Artistically, I am in love. Note, I said "artistically"--this is an important distinction. I'm psyched that I stumbled on Jim's work last summer, just as he's starting to REALLY take off here in the U.S. I cannot encourage people enough to get out and see him live--this is a man at the top of his game who is only going to get better. I'm hoping to be able to interview him for the blog; note I said "hoping"--he's a busy man, and I am not exactly a national outlet, y'know?
Despite being 'faced off my ass last night--it was one of those rare times when the conditions were right with my body so I could drink and not have a bad come-down, but it's definitely back on the wagon for me for a couple of months. No whooper--I was still able to be coherent after the show. Now, as an old theatre lag, I like the backstage bit of the work. I REALLY HATE not being in the game right now--I miss being in the middle of it all, the mayhem, the camraderie, all of it. I stopped myself from slipping backstage to talk to him; he was definitely in a different headspace after the show and ethically, not one I felt I had a right to intrude on. This, however, is why I want to interview him. I don't want to know where the funny comes from--I know where it comes from. It's all about how he looks at the world and processes it. I get that--it's the same place my funny comes from. It's a combination of rage and amusement, disbelief, and the need to a) see if anyone else gets this; b) keep from self-destructing from sheer despair at the outrageousness of the injustice and sheer stupidity of the world; and c) to make a living.
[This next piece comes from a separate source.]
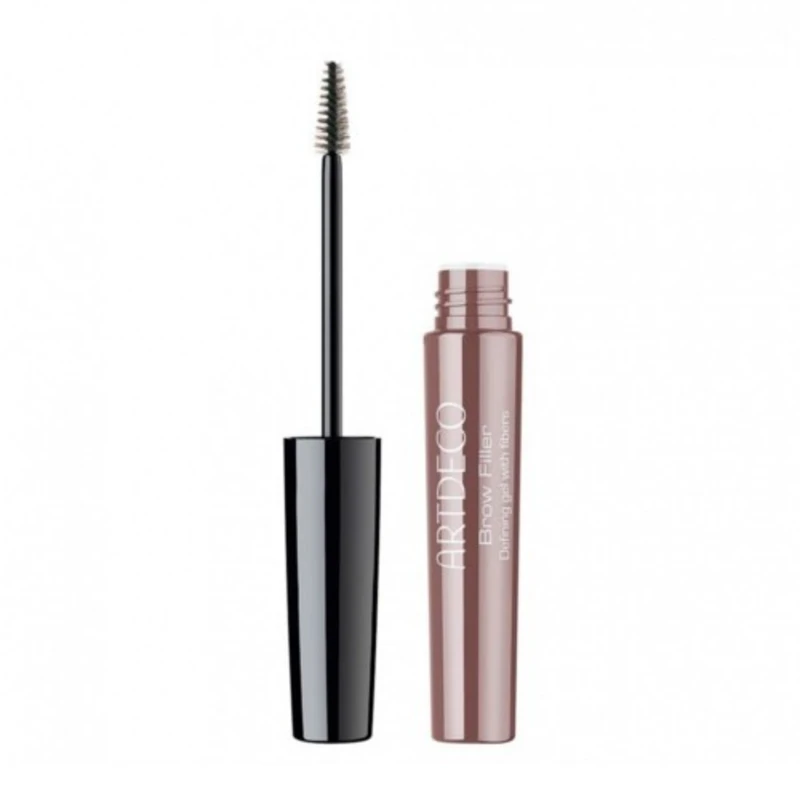 Artdeco Brow Filler vyplňující řasenka na obočí odstín 2809.3 Brown 7 ml Artdeco Brow Filler vyplňující řasenka na obočí odstín 2809.3 Brown 7 ml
That's the bit some of Jim's oikier fans miss. Yeah, he's an oik. But if that's all you see, Jesus H. Fucking Christ, but you have missed the point. You have missed the intelligence and offended decency, and, folks, sorry, but decency doesn't have to refer to sexual conduct--it also refers to ethical conduct. You can take him to task for his drug use, drinking, sexual inclination, but have you cannot fault his ethics--and if you LISTEN to him, if you pay attention, there are some deep fucking ethics in there, the kind of that demand that you actually be truthful and own up to your shit--plus an extraordinary work ethic. That's what I'm interested in talking to him about--his work ethic. I'm interested in the process, not the funny. If I want the funny, I just have to watch him or listen to the podcast.
Alcoholocaust is coming to Showtime this spring; no air date yet, sadly. I'm planning on road-tripping to Pittsburgh and catch at least one (if not two) of the gigs down there in May, and will definitely go to the show at the Wilbur in September (and I'm hoping, hoping, HOPING he'll do the brothel story at that one; I'm dying to see where he's taken that).
So, Jim, thank you again for a magnificent show. Keep it going, man. Just keep it going. I'll say it again--you are at the top of your game and only getting better.
BTW, the title of today's review comes from my novel. It's how I describe my protagonist, Rebecca Kinsale. I think I can share that title with Himself.